**WORK TO BE COMPLETED**
Restate the whole of the data below word for word, skipping the images.

**INFORMATION SUPPLIED**
##############################

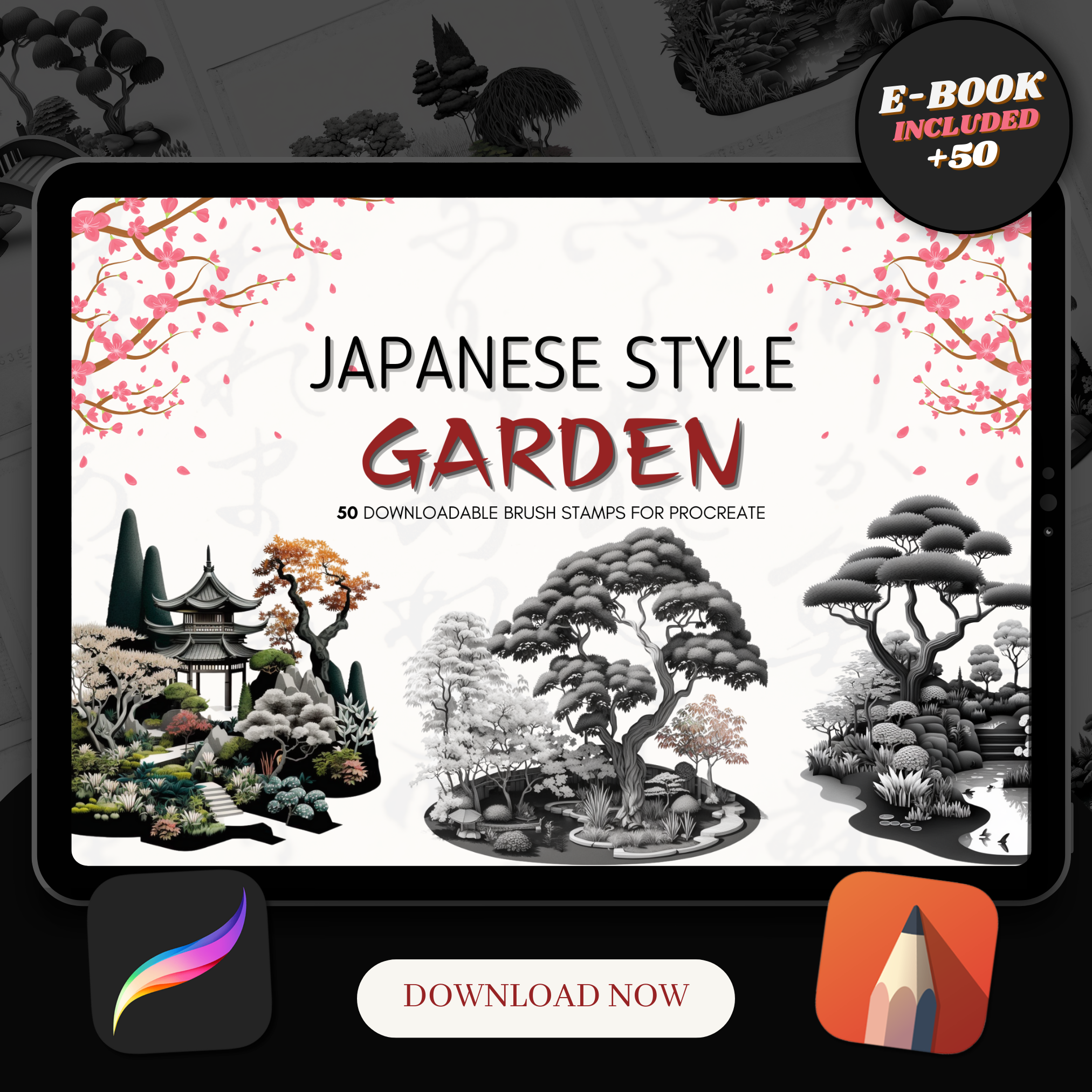 Colección de diseño de referencia digital de jardines japoneses: 50 imágenes de Procreate y Sketchbook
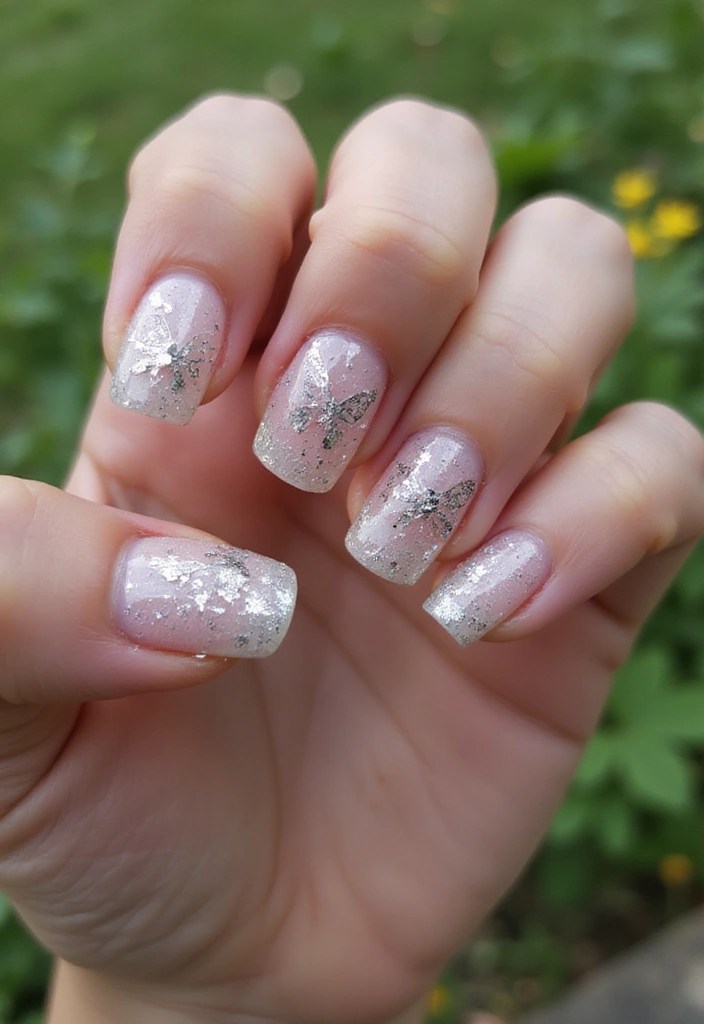 Butterfly Glaze & Aura Tips: Spring’s Most Viral Nail Designs for a Fresh Manicure! 🌼 - 5. Glittering Butterfly Trails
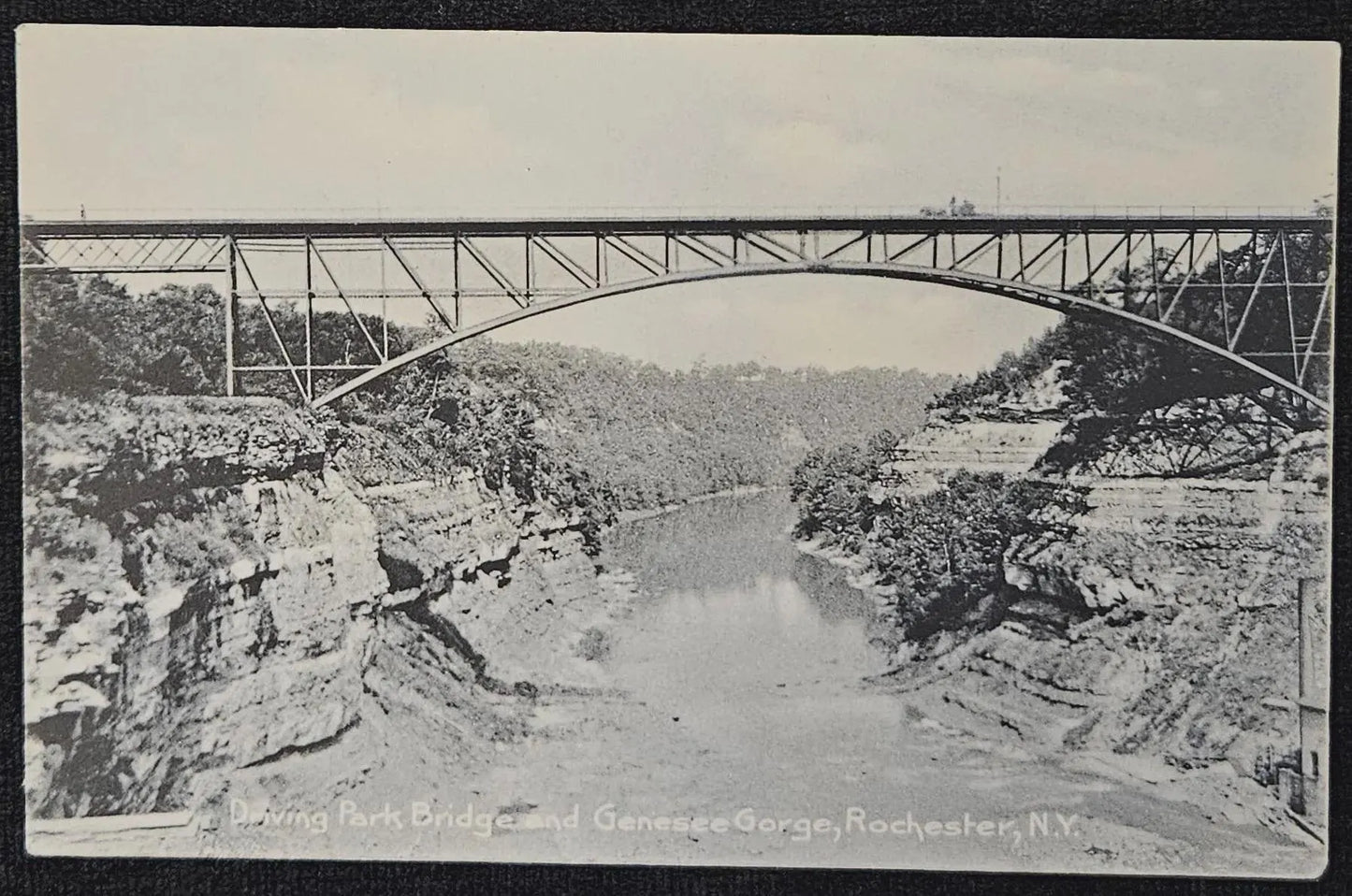 Driving Park Bridge and Genesee Gorge - Rochester, New York - Vintage 1910s Bridge Postcard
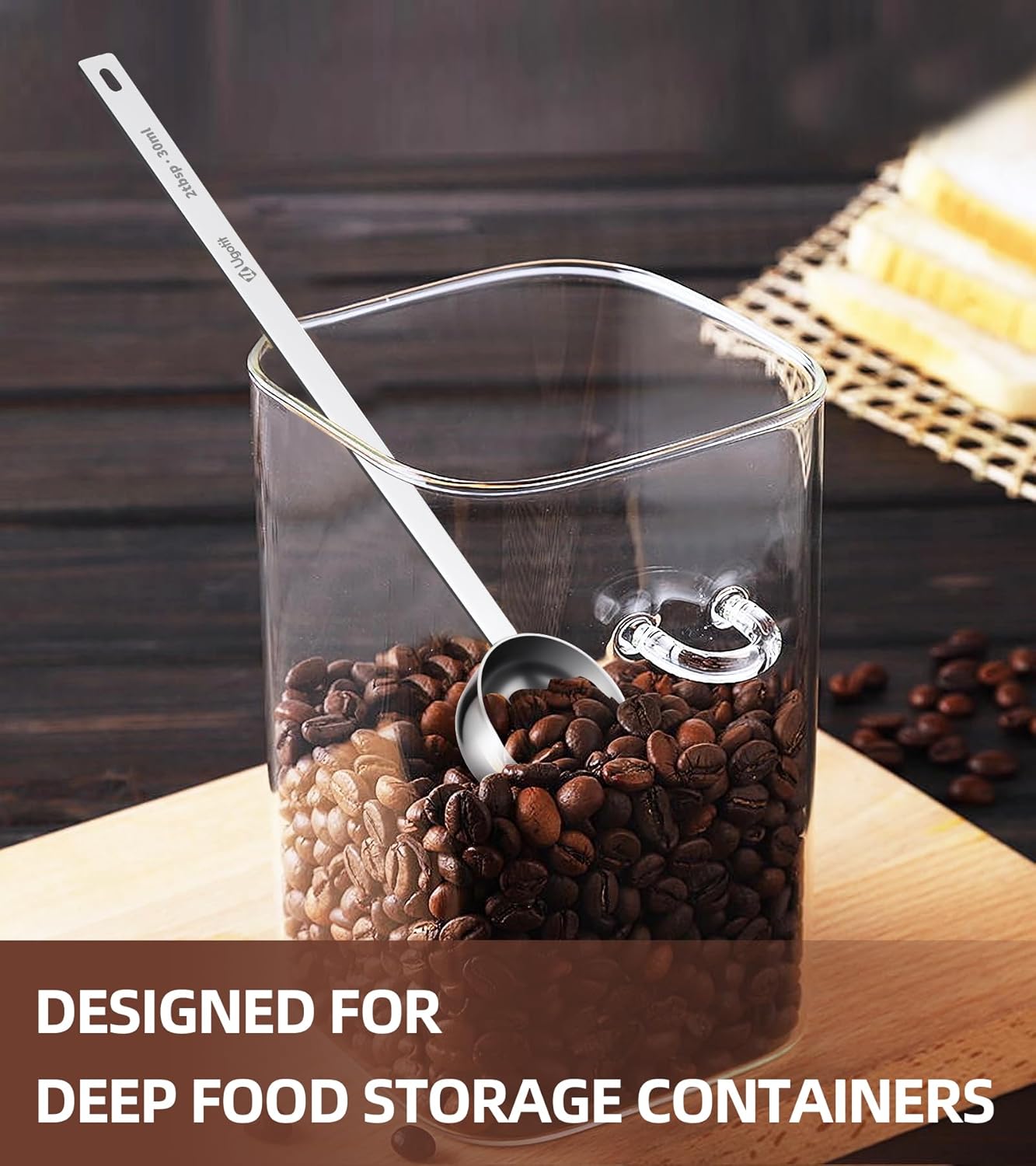 Coffee Scoop for Ground Coffee, 304 Stainless Steel Long Handled Measuring Scoop Set, 2 Tablespoon Coffee Bean Scoop for Protein Powder, Tea, Baking (2pcs)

##############################

**RESPONSE**
 Colección de diseño de referencia digital de jardines japoneses: 50 imágenes de Procreate y Sketchbook
 Butterfly Glaze & Aura Tips: Spring’s Most Viral Nail Designs for a Fresh Manicure! 🌼 - 5. Glittering Butterfly Trails
 Driving Park Bridge and Genesee Gorge - Rochester, New York - Vintage 1910s Bridge Postcard
 Coffee Scoop for Ground Coffee, 304 Stainless Steel Long Handled Measuring Scoop Set, 2 Tablespoon Coffee Bean Scoop for Protein Powder, Tea, Baking (2pcs)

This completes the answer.